GroundUp Editor's Response

The article in question includes interviews with representatives, and statements from, three tribes and/or groupings other than the Gorinhaicona, who remain opposed to the River Club Development.

These are: Administrative advisor to the Cochoqua traditional authority, Danny Bolton, who disputes that the Cochoqua leadership supports the First Nation Collective and its alignment with the developer; Kai Koran Transfrontier leader, Khoebaha Melvin Arendse; Gaoba Martinus Fredericks of the !Aman Traditional Authority.

Interviewing the persons noted in the press release in support of the River Club is unnecessary, as their position has already been publicly stated.

Furthermore, although not reflected in the article, Chairperson of the Western Cape House of N!!ne, Prince J Titus, and National leader of the Witboois Traditional Council, Captain JC Witbooi, are on record - in submissions to the Ministerial Appeals Tribunal - as supporting provincial heritage protection of the River Club site.

That Tauriq Jenkins is a representative of the Goringhaicona, and of the Observatory Civic Association is openly admitted and known to all parties.

Dear Editor

The First Nations Collective, consisting of the majority of Khoi and San leaders in the Cape Peninsula, is extremely disappointed in the final comments of Heritage Western Cape (HWC) on the proposed redevelopment of the River Club, Observatory.

HWC appears to have completely ignored how this project would preserve and celebrate the relevant First Nations heritage, rehabilitate and indigenise the local ecology while providing thousands of jobs which will benefit thousands of unemployed first nation descendants and contributing R4 billion to our economy.

Staggeringly, in “Heritage Western Cape slams River Club development plan” HWC CEO Xolisi Dlamuka states that any development of property in the Two Rivers area “ is in danger of being compromised” unless the baseline study involves “meaningful consultation” with the First Nations and incorporates their understanding of the significance of the site into the study.

Yet, this is exactly what has happened over the past few months.

Leaders of the First Nations Collective held numerous meaningful and constructive engagements with the River Club owners. These centred on how to sensitively and respectfully memorialise the historical significance of the area and celebrate the history and culture of the First Nations.

The result is a development proposal that includes world-class facilities where the First Nations will be empowered, to permanently collate and curate our heritage, to meaningfully practice our culture and tell our own stories while training our own people.
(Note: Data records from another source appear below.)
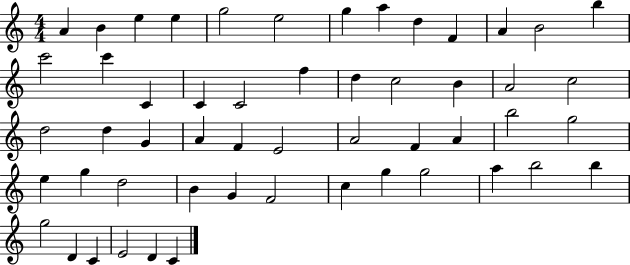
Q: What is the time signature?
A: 4/4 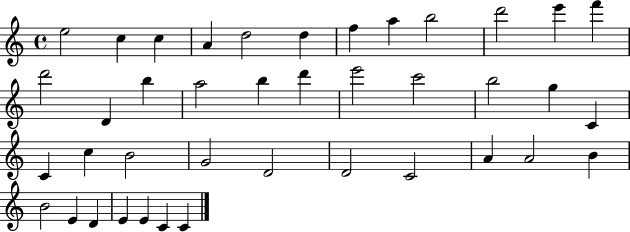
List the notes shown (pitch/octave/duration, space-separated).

E5/h C5/q C5/q A4/q D5/h D5/q F5/q A5/q B5/h D6/h E6/q F6/q D6/h D4/q B5/q A5/h B5/q D6/q E6/h C6/h B5/h G5/q C4/q C4/q C5/q B4/h G4/h D4/h D4/h C4/h A4/q A4/h B4/q B4/h E4/q D4/q E4/q E4/q C4/q C4/q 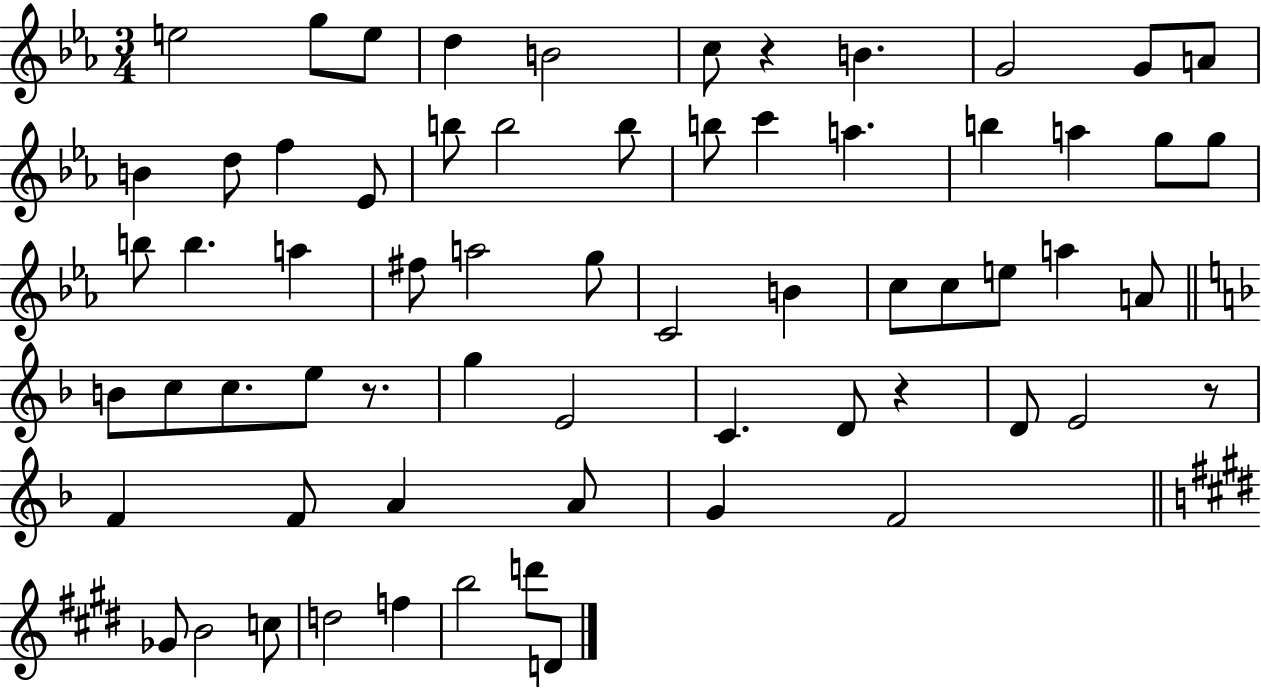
{
  \clef treble
  \numericTimeSignature
  \time 3/4
  \key ees \major
  e''2 g''8 e''8 | d''4 b'2 | c''8 r4 b'4. | g'2 g'8 a'8 | \break b'4 d''8 f''4 ees'8 | b''8 b''2 b''8 | b''8 c'''4 a''4. | b''4 a''4 g''8 g''8 | \break b''8 b''4. a''4 | fis''8 a''2 g''8 | c'2 b'4 | c''8 c''8 e''8 a''4 a'8 | \break \bar "||" \break \key f \major b'8 c''8 c''8. e''8 r8. | g''4 e'2 | c'4. d'8 r4 | d'8 e'2 r8 | \break f'4 f'8 a'4 a'8 | g'4 f'2 | \bar "||" \break \key e \major ges'8 b'2 c''8 | d''2 f''4 | b''2 d'''8 d'8 | \bar "|."
} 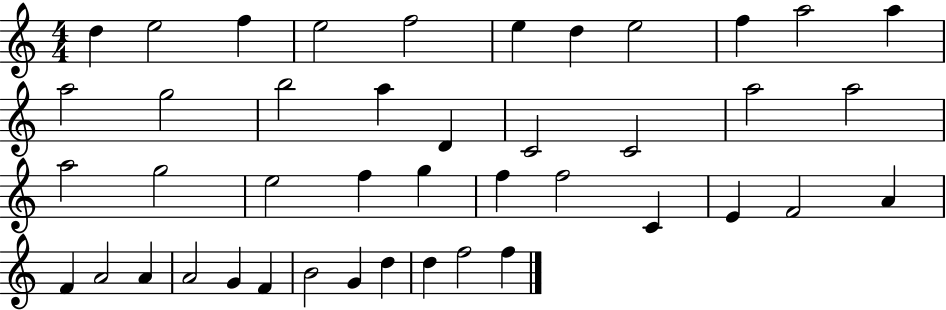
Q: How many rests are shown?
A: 0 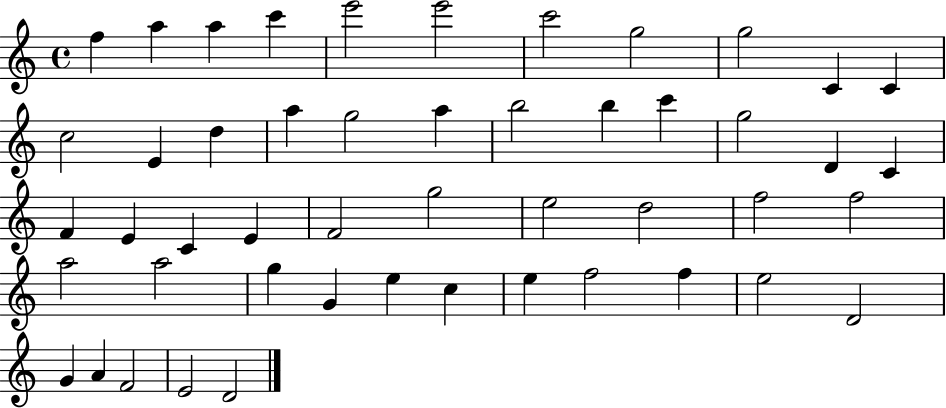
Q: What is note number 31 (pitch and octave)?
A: D5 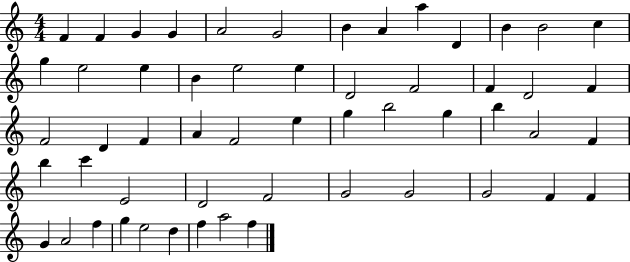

Through this project our voice will have a platform to find resonance across South Africa - and with indigenous communities across the world.

Yet, despite representatives of the First Nations Collective appearing before HWC and informing them of the outcomes of these engagements, and the fact that we fully support the proposed redevelopment, this was completely ignored by the committee.

Our support for this project has been extensively pondered. Our decision is primarily a strategic act of indigenous cultural agency where we, as an integral part of the Khoi and San resurgence, act in our own interest to secure a legacy for us and for seven generations into the future for which we are responsible.

The significance of this area and the adjoining Oude Molen site, has been the subject of intense engagement between ourselves and numerous senior state officials. This includes Premiers of the Western Cape government, Provincial Ministers of several Western Cape government administrations, Mayors of the City of Cape Town, the Chief Land Claims commissioners, several ministers of the National government and even the apex of governance, namely the Presidency.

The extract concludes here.